Taking string input in char pointer

Question

#include<stdio.h>
#include<string.h>
#include<stdlib.h>

int main(){
    char *s;
    printf("enter the string : ");
    scanf("%s", s);
    printf("you entered %s\n", s);
    return 0;
}

When I provide small inputs of length up to 17 characters (for example "aaaaaaaaaaaaaaaaa") the program works perfectly fine but on providing inputs of larger lengths, it gives me a runtime error saying "main.c has stopped working unexpectedly".

Is there some problem with my compiler (codeblocks) or my pc (windows 7)? Or is it somehow related to the input buffer of C?

Answer 1

It's undefined behaviour as the pointer is uninitialized. There's no problem with your compiler but your code has problem :)

Make s point to valid memory before storing data in there.

---

To manage buffer overflow, you can specify the length in the format specifier:

scanf("%255s", s); // If s holds a memory of 256 bytes
// '255' should be modified as per the memory allocated.
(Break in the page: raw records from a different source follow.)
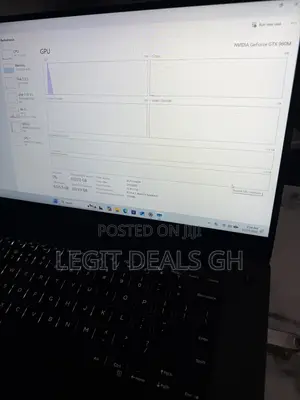 Laptop Dell XPS 15 9550 16GB Intel Core i7 HDD+SSD 256GB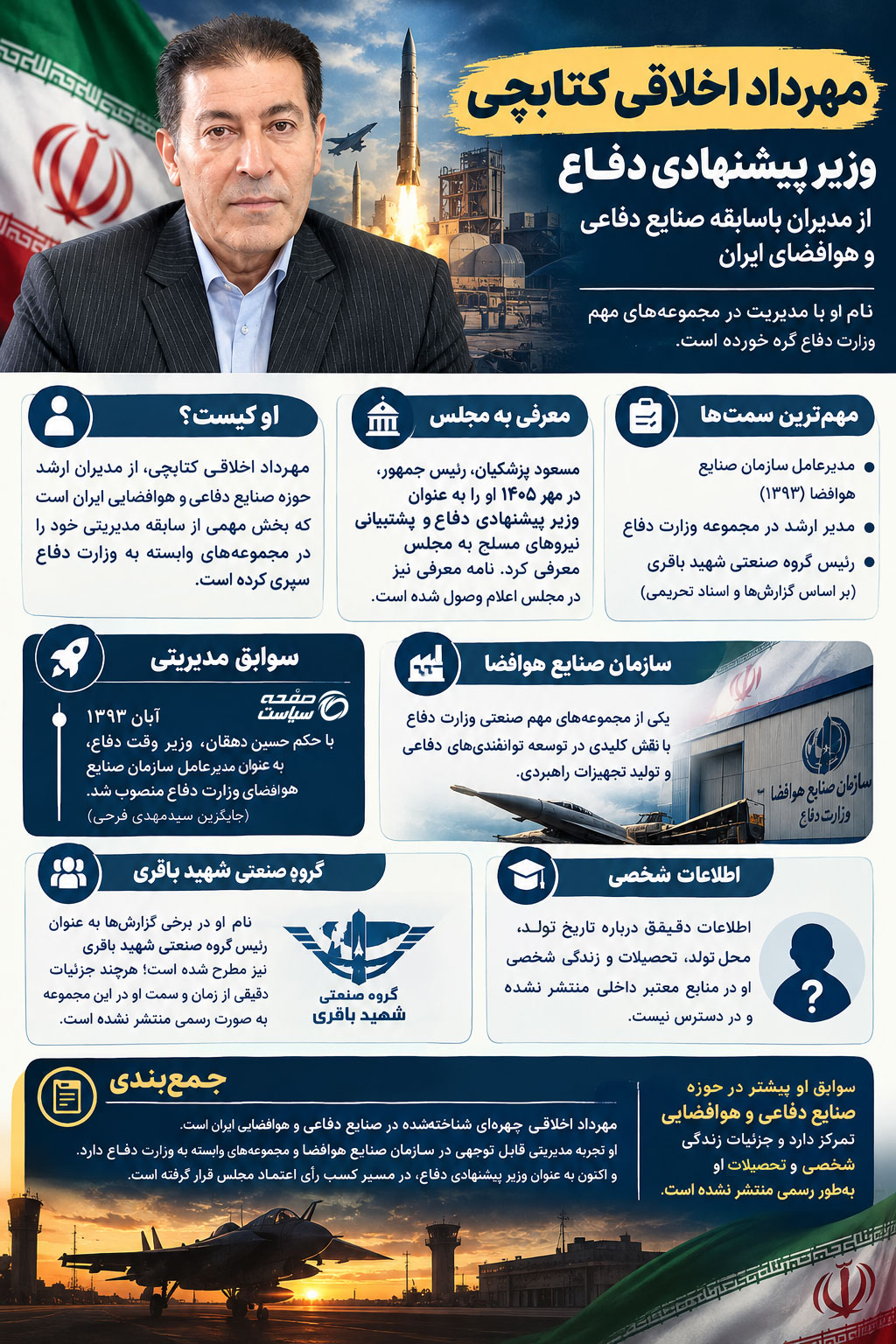 مهرداد کتابچی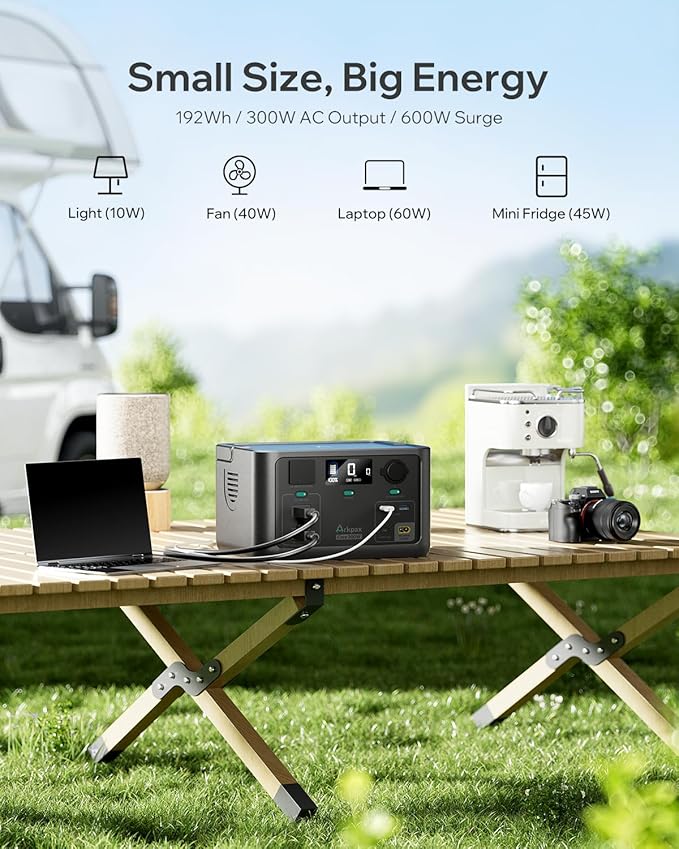 Portable Power Station, 300W Solar Generator (Peak 600W), 192Wh LiFePO4 Battery Backup, 1.5hrs Fast Charging, for Hurricane Emergency/Outdoor Camping/Traveling/Home Use (Solar Panel Optional)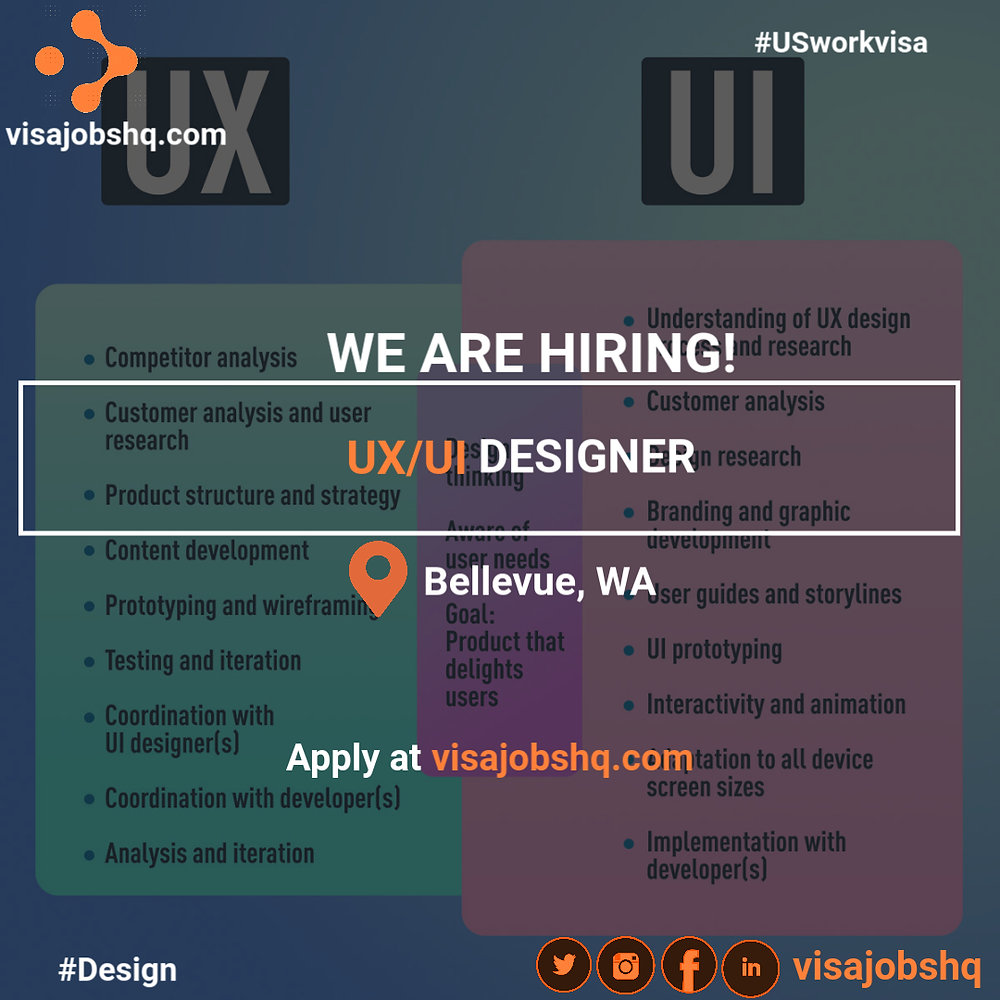 UX/UI DESIGNER WANTED IN THE USA, RELOCATION AND VISA SPONSORSHIP ...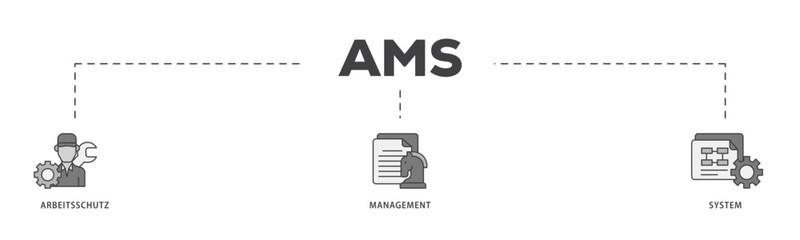 Poster - AMS icon infographic illustration concept with icon of safety, mask, structure, planning, and operation icon live stroke and easy to edit 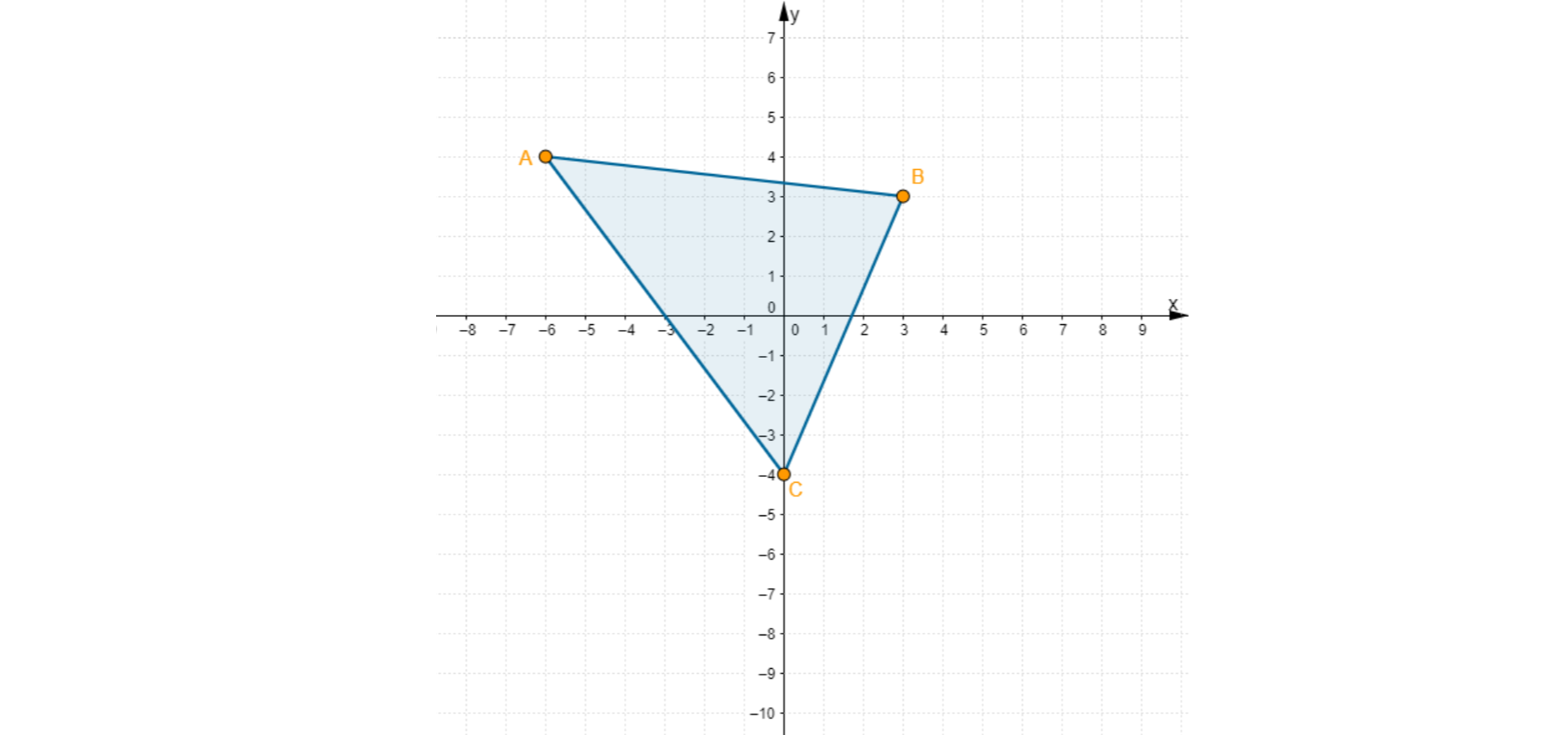Rysunek przedstawia układ współrzędnych oraz trójkąt ABC o wierzchołkach w punktach A = (-6, 4), B = (3, 3), C = (0, -4).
GNU C supports an non-standard extension with which you don't have to allocate memory as allocation is done if %as is specified but a pointer to pointer should be passed:

#include<stdio.h>
#include<stdlib.h>  

int main() {
  char *s,*p;

  s = malloc(256);
  scanf("%255s", s); // Don't read more than 255 chars
  printf("%s", s);

  // No need to malloc `p` here
  scanf("%as", &p); // GNU C library supports this type of allocate and store.
  printf("%s", p);
  free(s);
  free(p); 
  return 0;
}

Answer 2

the char pointer is not initialized, you should dynamiclly allocate memory to it,

char *s = malloc(sizeof(char) * N);

where N is the maximum string size you can read, And its not safe to use scanf without specifying the maximum length for the input string, use it like this,

scanf("%Ns",s);

where N same as that for malloc.

Answer 3

You are not allocating any memory to the character array so first try to get memory by calling malloc() or calloc(). then try to use it.

s = malloc(sizeof(char) * YOUR_ARRAY_SIZE);
...do your work...
free(s);

Answer 4

You need to allocate enough memory for buffer where your pointer will point to:

    s = malloc(sizeof(char) * BUF_LEN);

and then free this memory if you do not need it anymore:

    free(s);

Answer 5

You're not allocating memory for your string, and thus, you're trying to write in a non-authorized memory address. Here

char *s;

You're just declaring a pointer. You're not specifying how much memory to reserve for your string. You can statically declare this like:

char s[100];

which will reserve 100 characters. If you go beyond 100, it will still crash as you mentionned for the same reason again.

Answer 6

The problem is with your code .. you never allocate memory for the char *. Since, there is no memory allocated(with malloc()) big enough to hold the string, this becomes an undefined behavior..

You must allocate memory for s and then use scanf()(I prefer fgets())

Answer 7

#include"stdio.h"
#include"malloc.h"

int main(){

        char *str;

        str=(char*)malloc(sizeof(char)*30);

        printf("\nENTER THE STRING : ");
        fgets(str,30,stdin);

        printf("\nSTRING IS : %s",str);

        return 0;
}

Answer 8

The code in C to read a character pointer

#include<stdio.h>
 #include<stdlib.h>
 void main()
 {
    char* str1;//a character pointer is created 
    str1 = (char*)malloc(sizeof(char)*100);//allocating memory to pointer
    scanf("%[^\n]s",str1);//hence the memory is allocated now we can store the characters in allocated memory space
    printf("%s",str1);
    free(str1);//free the memory allocated to the pointer
 }

Answer 9

I was getting this problem. I tried this code below and it worked:

char *text; 
scanf("%s", *&text); 

I dont know how it worked. I just felt like doing it.